The system is already used at Walter Reed and in Bethesda. Landstuhl’s new system will go live by March 17.
J.F. Lancelot, president of technology and operations for CliniComp, said most U.S. hospitals do not yet have a way to transfer inpatient records to other facilities, so Landstuhl is not “atypical” compared to civilian hospitals.
But paper records have been a problem in past transfers from Landstuhl to the U.S. Besides the possibility of being lost by unconscious service members, they can be difficult to read, and they sometimes arrive well after the patient.
With the new system, health care workers will create PDFs (portable document formats) for inpatient records, allowing them to be sent to the next hospital electronically. Within a year, CliniComp officials hope to have all PDF records within its system at Landstuhl easily available to the Veterans Affairs Department as service members move from military to civilian status.
This has been a problem in the past; the Defense Department and VA medical records systems are not compatible. The two bureaucracies have been working on the problem for more than a decade, but always encounter security issues or a difference in standards.
Most recently, they have talked about both VA and the Pentagon moving to the same records system, a process that could cost millions of dollars and take a long time to manage. And both sides agree their health care centers have different administrative needs, so it may not make sense for the VA to use the military’s system, or vice versa.
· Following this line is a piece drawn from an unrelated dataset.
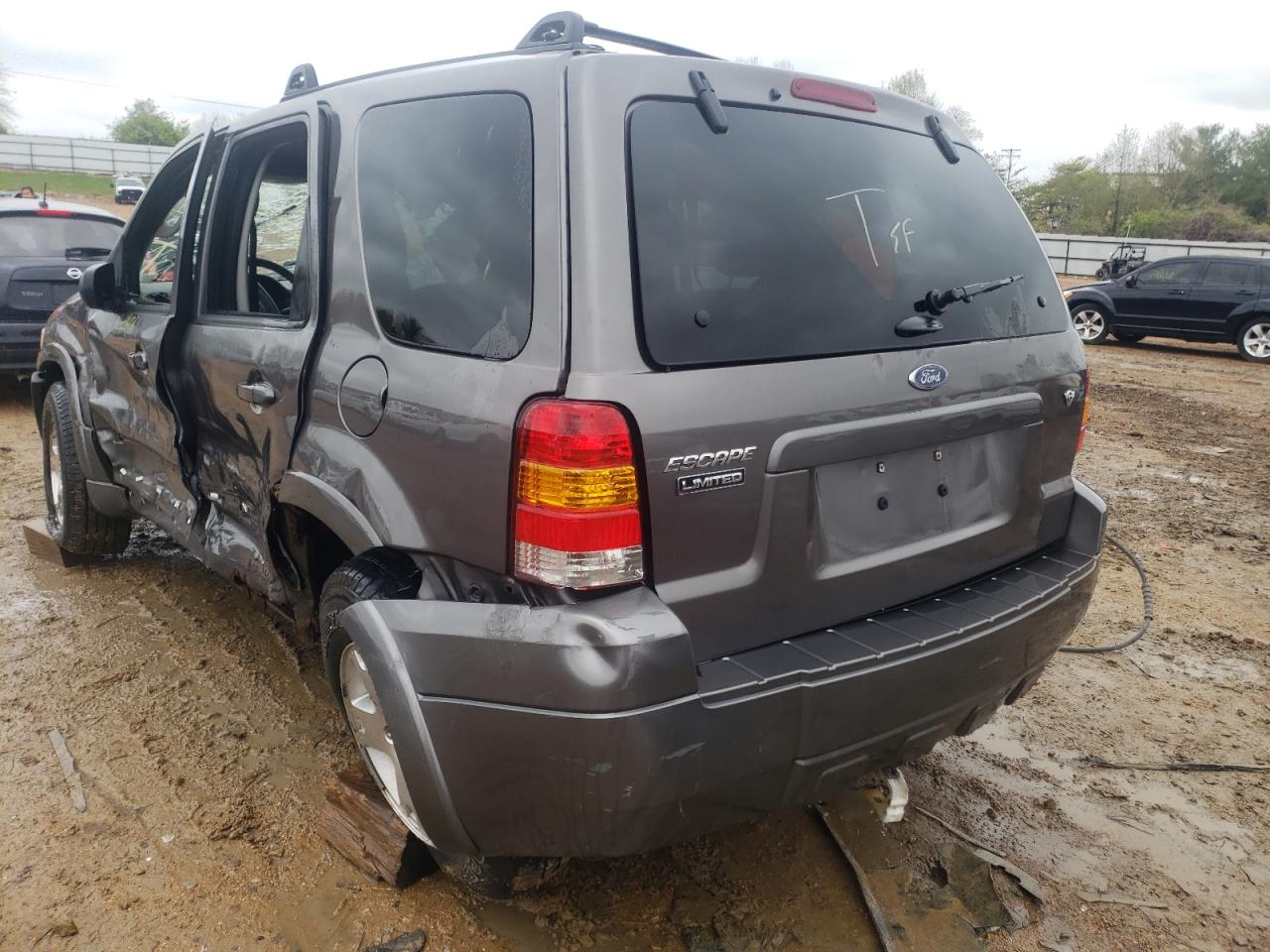 Photo 3 from auction – 2006 FORD ESCAPE LIM with VIN 1FMYU94166KA72120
However, Joe Cruz, director of federal systems for CliniComp, said a system to transfer inpatient records to VA has been in place at Madigan Army Medical Center in Washington state for the past year. They hope to make that technology available to five or six other military hospitals by the end of the year.
Cruz said no decision has yet been made about whether the Defense Department and VA will ultimately share the same records system, or if they will work on a system that allows them to move records without having to start from scratch.
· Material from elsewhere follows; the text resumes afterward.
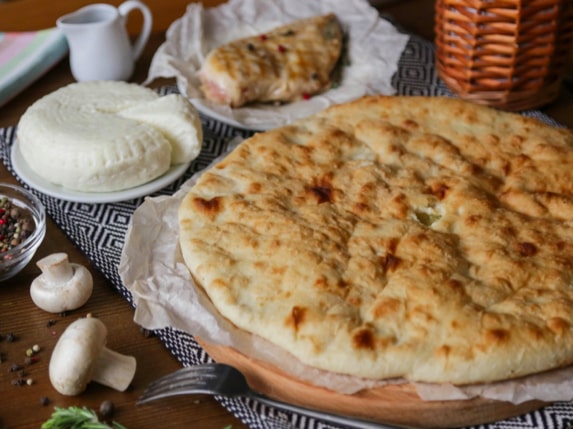 Заказать Осетинский пирог с курицей, грибами и сыром с бесплатной доставкой по СПб Заказать Осетинский пирог с курицей, грибами и сыром с бесплатной доставкой по СПб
Even if VA and the Defense Department move to the same system, it won’t help veterans or service members receiving care in civilian hospitals that don’t have the same records system, Cruz said. For example, Brook Army Medical Center has an agreement with the University of California-Los Angeles for treating burn patients, but they don’t have a system to move medical records between the two organizations.
Cruz said CliniComp created PDFs of the charts at Brook and sent them over to UCLA within an hour of a request to do so.
CliniComp does not have the capability to scan and create PDFs for old medical records, so it only applies to records being created now. Old electronic records can be included, but CliniComp does not have a contract for that, though it is proposing one.
The company is also looking at ways to transfer electronic records from the battlefield to Landstuhl, Masiel said.
They may have some competition. Harris Corporation announced Wednesday that retired Army Col. Bart Harmon, former chief medical information officer and director of information management for the Military Health System and the Defense Department, has been named chief medical officer for the company’s newly created Healthcare Solutions business, which creates medical information technology.
Harmon’s previous job was to come up with a solution to standardize health information between VA and the Defense Department.